The [**Konfuzio SDK**](https://dev.konfuzio.com/sdk/index.html#what-is-the-konfuzio-sdk) (Konfuzio Software Development Kit) \
provides a [Python API](https://dev.konfuzio.com/sdk/sourcecode.html#api-reference) to interact with the [Konfuzio Server](https://dev.konfuzio.com/web/index.html#what-is-the-konfuzio-server).
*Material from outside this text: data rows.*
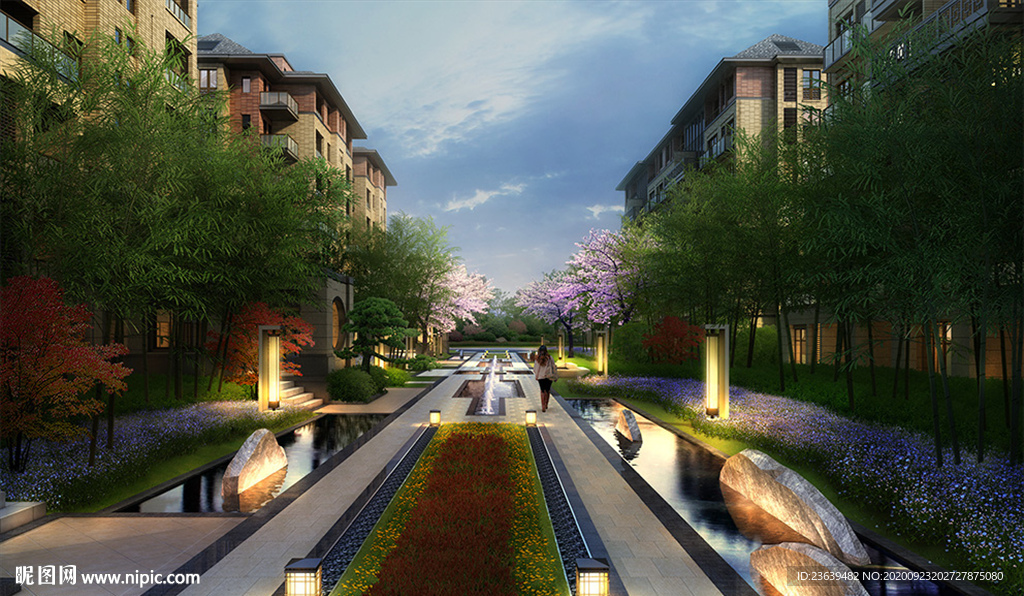 住宅楼盘新中式景观设计效果图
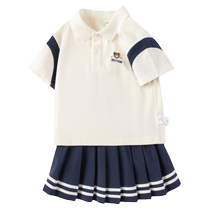 Balabala childrens clothing childrens suit boys and girls short-sleeved two-piece set 2024 new polo summer wear campus style
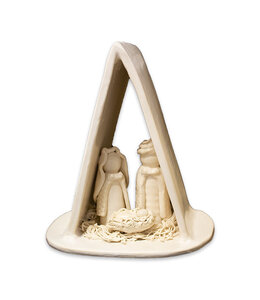 Crèche artisanale en grès blanc émaillé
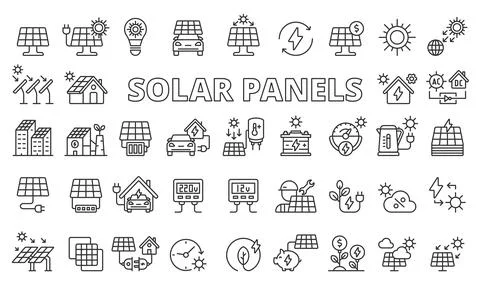 Solar panels icon set in line design. Energy, Green, Electricity, Charging Stock Illustration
This **notebook shows** how to:
- setup **credentials** you need to connect 🔑
- **install** the SDK in Google Colab 💿
- **initialize** a connection to the Konfuzio Server 🔗
- **run** an example use case 🤓

---



In [6]:
# @title ## **Credentials** { display-mode: "form" }

# @markdown If you have no account yet, create one [here](https://app.konfuzio.com/accounts/signup/).
# @markdown \
# @markdown \
from getpass import getpass

# @markdown ### Enter user name for Konfuzio Server
User_Name = "" # @param {type:"string"}

# @markdown ### Enter server host url
Host = "https://app.konfuzio.com" # @param {type:"raw"} #dafault: "https://app.konfuzio.com"
Password = getpass('Password you use to login to Konfuzio Server: ')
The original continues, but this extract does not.